Jan JordanNovember 20, 2013 at 2:09 am
Hannah and Alex,
This is a wealth of information!! Easy to understand!!! Thank you so much.
pam bellNovember 12, 2013 at 4:07 pm
I received a scoby purchased through amazon from you, it has some brown stringy stuff attached…is this mold?
this is my third try!! on the batch it was recommended to start it by today, and I did that.
thank you for your help.
Pam Bell : )
kkadminNovember 21, 2013 at 2:10 am
The brown bits are yeast and are perfectly normal. Mold is always on top of the culture and is FUZZY. Check it out here.
Ian GriffinNovember 11, 2013 at 10:30 pm
Excellent tips Hannah. Learning how to keep the SCOBY hotel happy seems to be key to good brewing. I plan to try rotating the batch/Hotel SCOBY’s and institute a regular schedule of cleanings. Ian.

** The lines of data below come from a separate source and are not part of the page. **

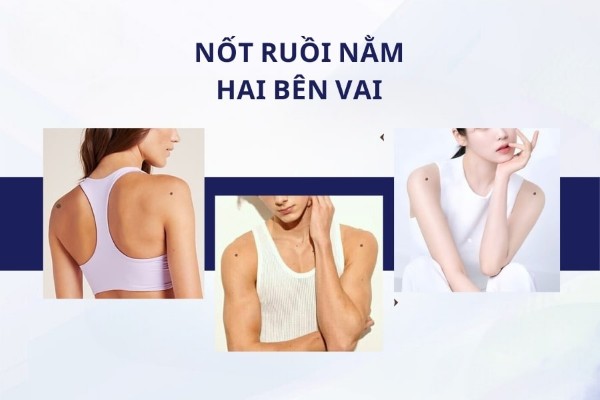 Nốt ruồi nằm trên 2 vai – Mọi sự đều thuận lợi, như ý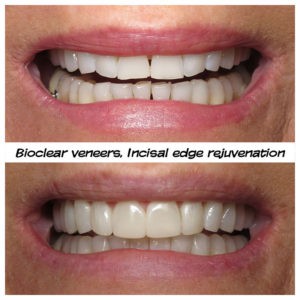 #bioclear #bioclearuveneers #bioclearsmilemakeover #smilemakeover #beforeandaftersmile #porcleainveneers #cosmeticdentist #cosmeticdentistry #sdcosmeticdentist #lajolladentist #invisalign #invisalignbeforeandafter #sdinvisalign #invisalignsd #sandiegodentist #sddentist #minimallyinvasivedentistry #notoothgrinding #cosmeticdentistsd #dentist #dentistry #dentaloffice #cosmeticdentaloffice #lajolla #bestofsandiego #beautifulsmile #straightteeth #perfectsmile #smile #sdspa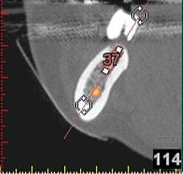 3D-Implantatplanung - Detailaufnahme 4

CharleneNovember 3, 2013 at 5:08 pm
I was unexpectedly given a continuos brew setup, it’s been six months. I’ve used the spigot for exiting KT, and added new into the top. Today I finally dared pull out SCUBY, it was huge! I filled my dehydrator with cut pieces to be treats for my dogs as per your suggestion. My next concern is the SCUBYs. There were two that looked white and young, one back into brew and one to start a hotel. I’m thinking to make two brewing vessels instead,as I have little understanding of the difference for now. Never would have thought I was this excited about playing KT!